Service-now.com's Winter release of its on-demand software is going to be an interesting experiment in social business. The general theme: Use social networking tools to make IT support easier and more productive.
The Winter Release was officially available on Wednesday, but has been in the hands of a few customers since Feb.4. The key items include:
Chat functionality so users can "more easily communicate with IT." Groups can also create chat rooms. Hey enterprise IT, get ready for "we're fed up with XP and IE6 dammit!" groups.
Service-now Live looks a lot like Facebook and Twitter. Users can post things on IT support's wall. The idea here is that users may be able to solve their own problems.
Streams of actionable information can be followed with hash tags. IT support and users can follow these streams. Service-now call these streams "the first-ever IT zeitgeist."
Add it up and this Winter release becomes part of Service-now's IT 3.0 rap, which revolves around making IT service and support a "people-centric" affair.
It's an intriguing idea and one that makes me chuckle a bit since I know how many folks in IT support would rather duck when users come with stupid questions. Now those silly questions can become part of your IT support wall.

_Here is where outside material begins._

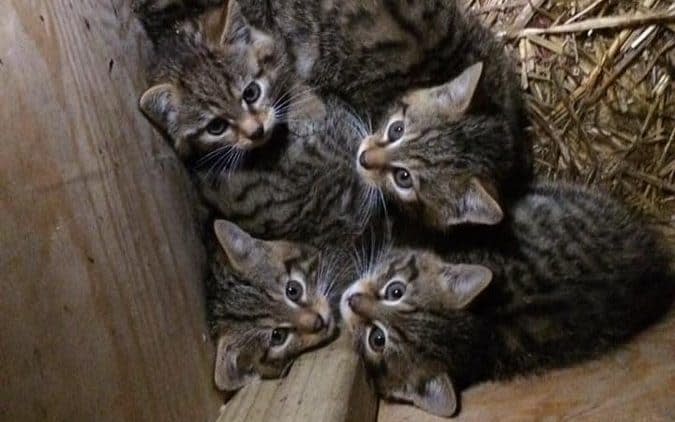 A conservationist has shared a picture of the kittens he plans to release into the wild - Derek Gow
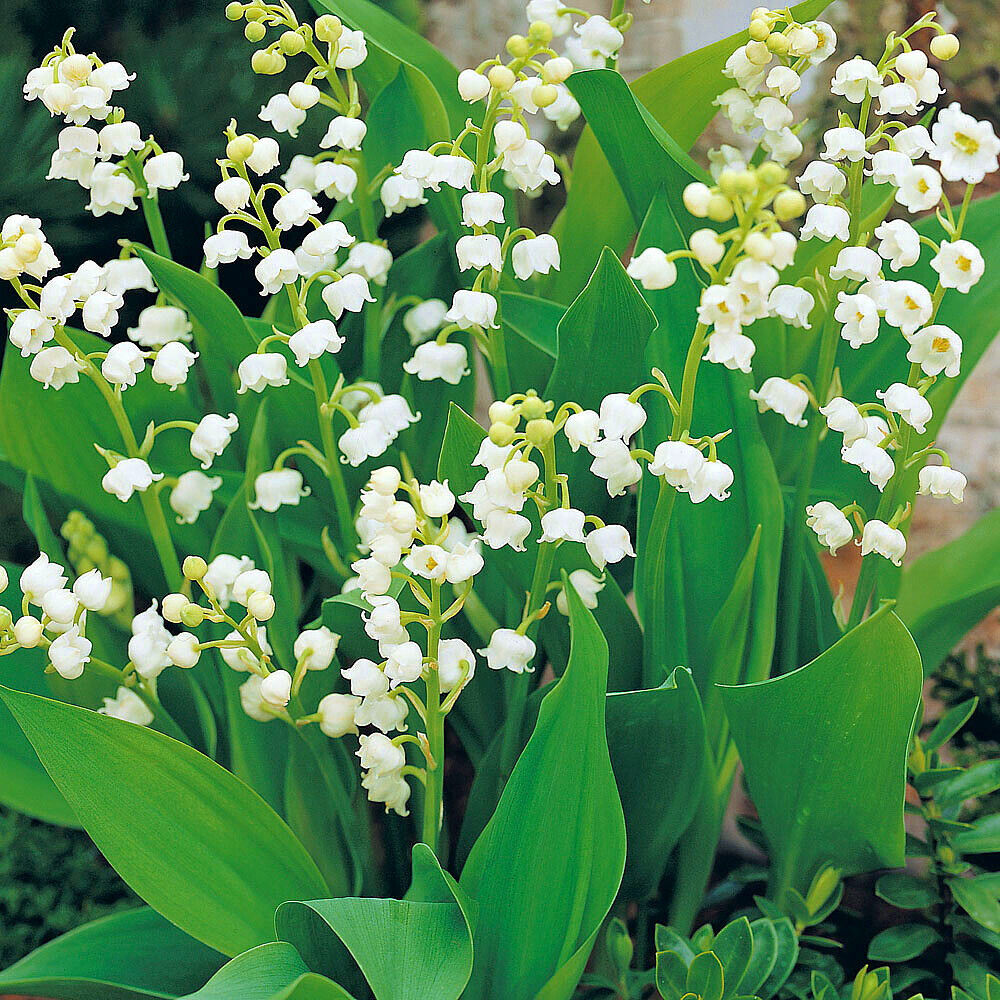 CONVALLARIA 'BORDEAUX GIANT'~LILY OF THE VALLEY~PLANTS/PIPS~FRAGRANT FLOWERS!!!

We caught up with Craig McDonogh, Service-now's director of product management, to get a few more points. Here's the recap:
- What's the productivity gain here? McDonogh noted that an IT support worker can handle three to five chat requests at a time relative to one call. Will there be any distractions? "You could potentially have a situation where a worker is easily distracted, but I don't subscribe to that," he said. "The productivity benefits are tangible and outweigh any negative impact."

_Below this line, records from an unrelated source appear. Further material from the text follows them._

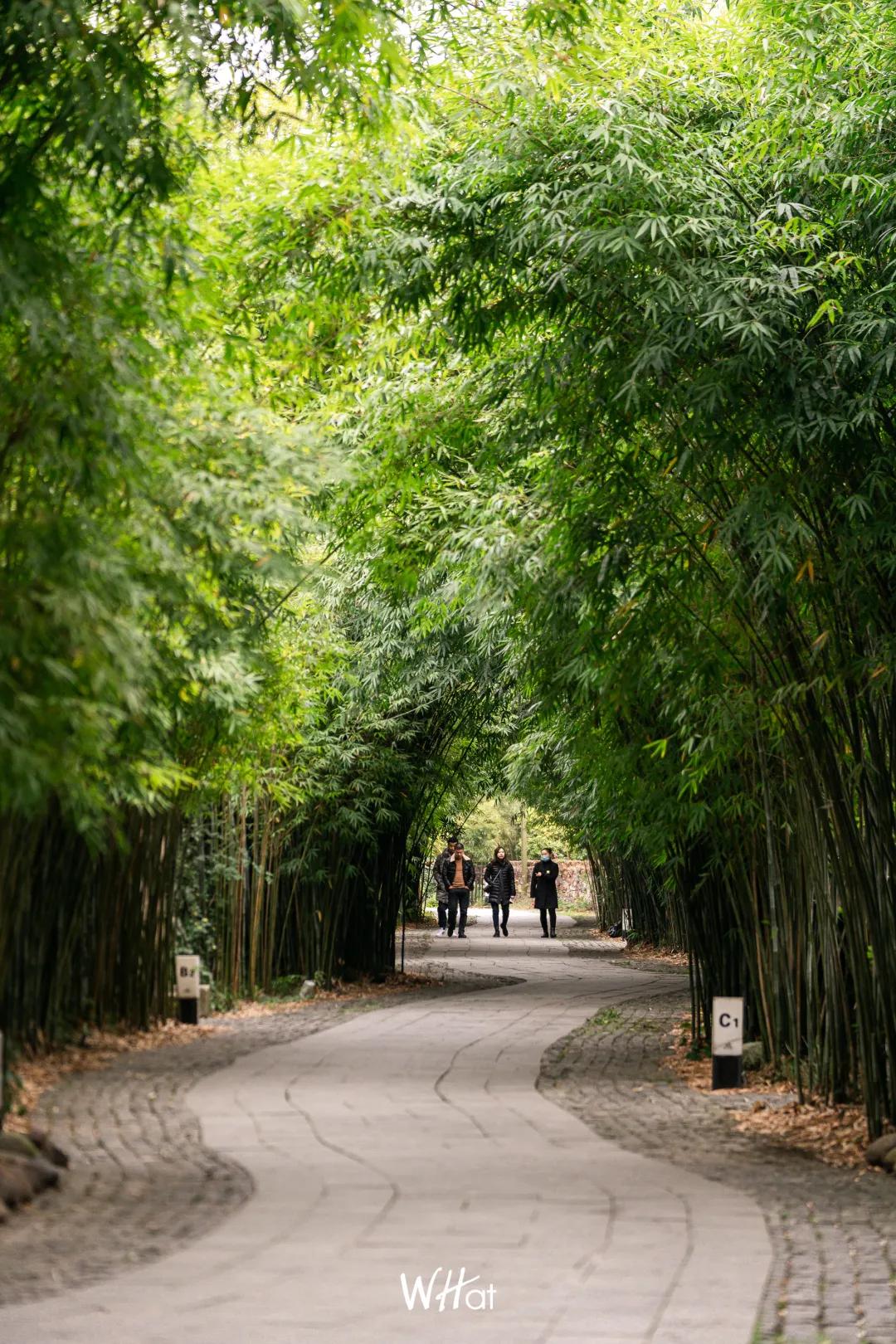 武汉周边泡温泉两日一夜,武汉泡温泉吃饭睡觉一体的温泉
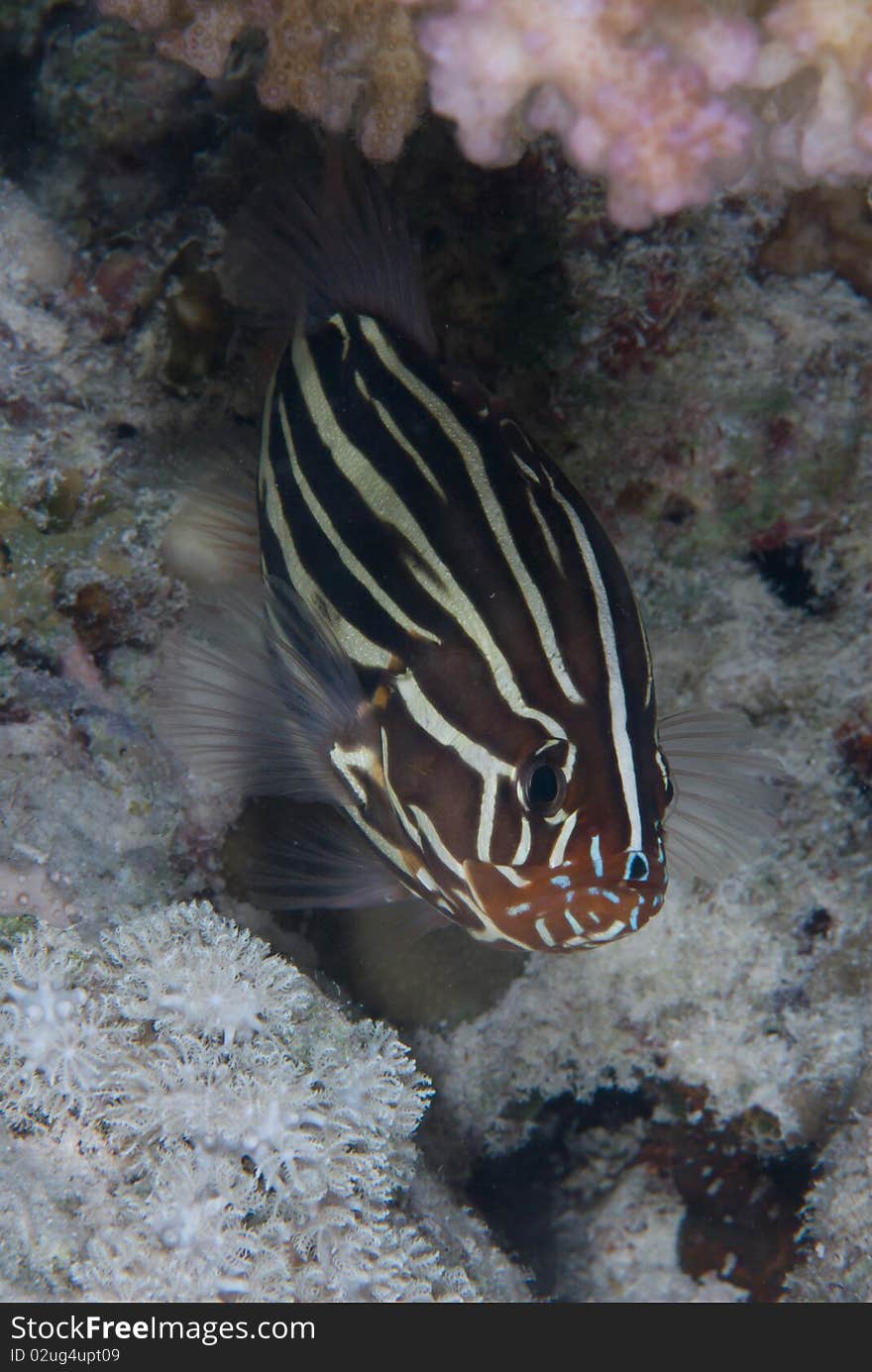 Sixstriped soapfish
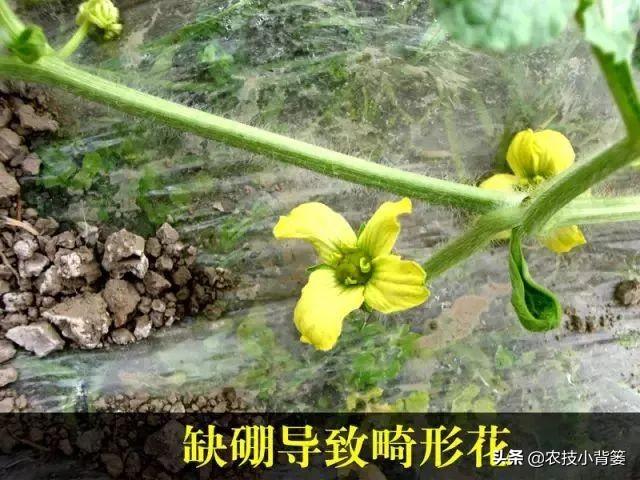 甜瓜缺硼危害大！这些甜瓜缺硼的原因和防治方法，你都知道吗？4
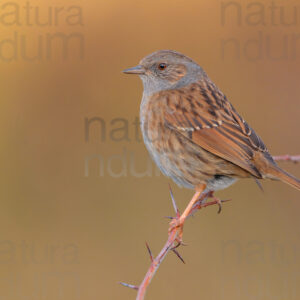 Photos of Dunnock (Prunella modularis)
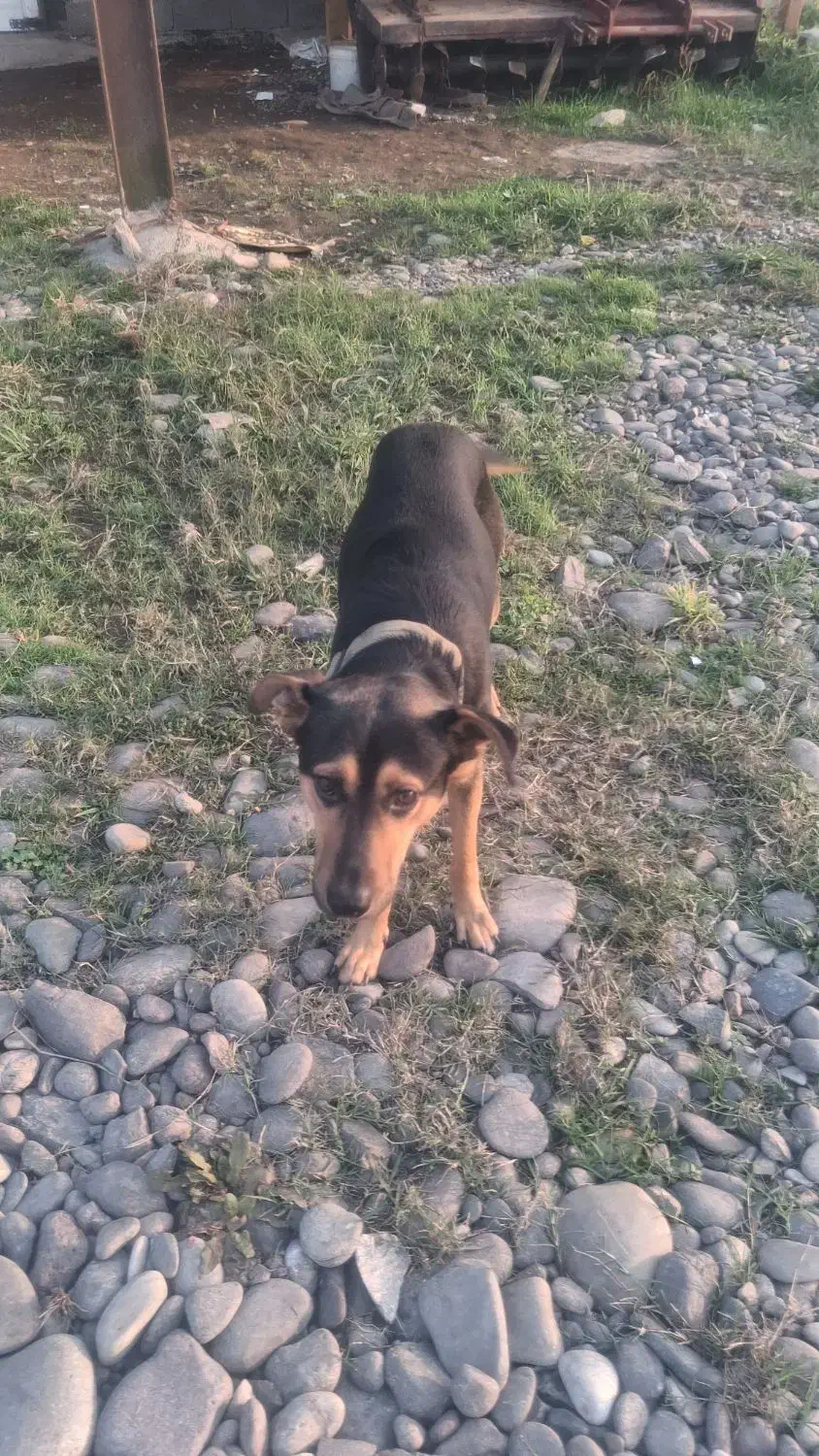 دوبرمن ایرانی|سگ|رشت, شهرک شهید مفتح|دیوار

- Will users flock to these tools? McDonogh said that the Winter release isn't a generic collaboration tool. The social tools are specific to the IT department.
- What's the biggest win here? McDonogh said that these social tools may enable users to solve their own problems. "Business users know as much about the technology they are using as the IT department. We're providing a tool for peer-to-peer support and capturing the information in a knowledgebase," he said. "The user community has matured dramatically in the last 10 to 15 years."